Muitos terão pensado que agi de forma altruísta, mas não. Eu fiz isto porque tenho medo do contrário disto. Tenho medo que de hoje para amanhã cada um se feche na sua casa, agarrado às suas coisas – ‘Tu precisas, eu tenho mais do que tu, mas não te vou ajudar.’ Tenho medo das consequências disso: ‘Hoje estás tu por cima, amanhã vou eu estar por cima e vou-me vingar.’ Nós recebemos dos outros aquilo que lhes damos. Esta lógica da Europa-fortaleza, esta ideia de que uma união com 500 milhões não pode acolher um ou dois milhões que fogem à guerra, é profundamente errada e perigosa. Para a Europa e para os meus filhos.
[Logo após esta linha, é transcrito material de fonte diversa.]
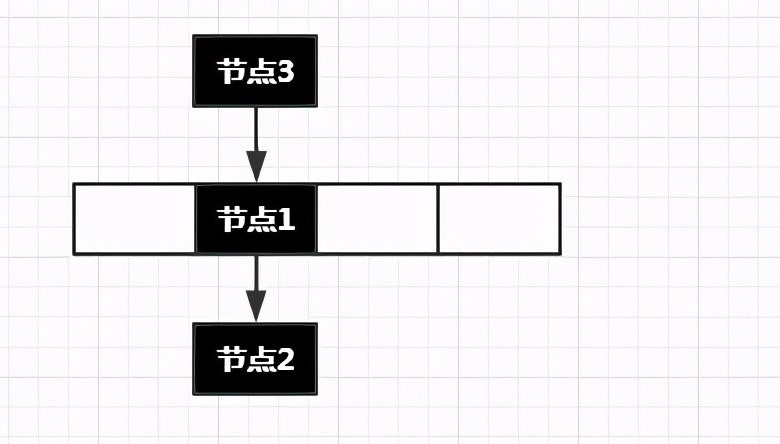 大厂面试必问的HashMap,如何给面试官交上完美答卷?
Atravessei a Europa para ajudar famílias em perigo por causa dos meus quatro filhos. E por causa do meu avô. O meu avô nasceu analfabeto, ensinou-se a ele próprio a ler e a escrever, aprendeu Matemática sozinho e depois ensinou os outros. Mas sofreu muito em Portugal. Nos anos da Guerra Civil de Espanha, o Estado Novo tirava ao povo para fornecer as tropas de Franco. O meu avô sentia-se limitado aqui e um dia decidiu que aquela vida não era vida. Entrou num barco em Dezembro e partiu para os Estados Unidos. Sem documentos, sem dinheiro, sem saber falar uma palavra de inglês. Sem a mulher, que ficou, grávida, em Portugal. Esteve a morrer ao frio em Boston até encontrar um estranho com quem não voltou a cruzar-se, mas que lhe mudou a vida. Era um falsificador de documentos e deu-lhe dinheiro, um casaco, uma morada e meteu-o dentro de um comboio. No dia seguinte o meu avô estava a trabalhar com papéis falsos. O meu pai só conheceu o pai aos oito anos de idade, mas foi a primeira pessoa a poder estudar em Lisboa e a ter um trabalho qualificado. Há muita coisa que eu devo àquele estranho. O meu avô não se conformava com as imposições legais, infringiu um conjunto de regras, mas acabou por participar em algo muito maior do que ele. Fez parte da libertação da Europa na Segunda Guerra porque trabalhou na marinha mercante nos comboios que abasteciam o continente europeu. Esteve em Hiroshima em 1946. Quando regressou a Portugal, ajudou muita gente a emigrar, emprestando-lhes dinheiro.
Um dia os meus filhos podem ter de fugir da Europa e eu quero que alguém lhes abra a porta. Como alguém abriu um dia ao meu avô.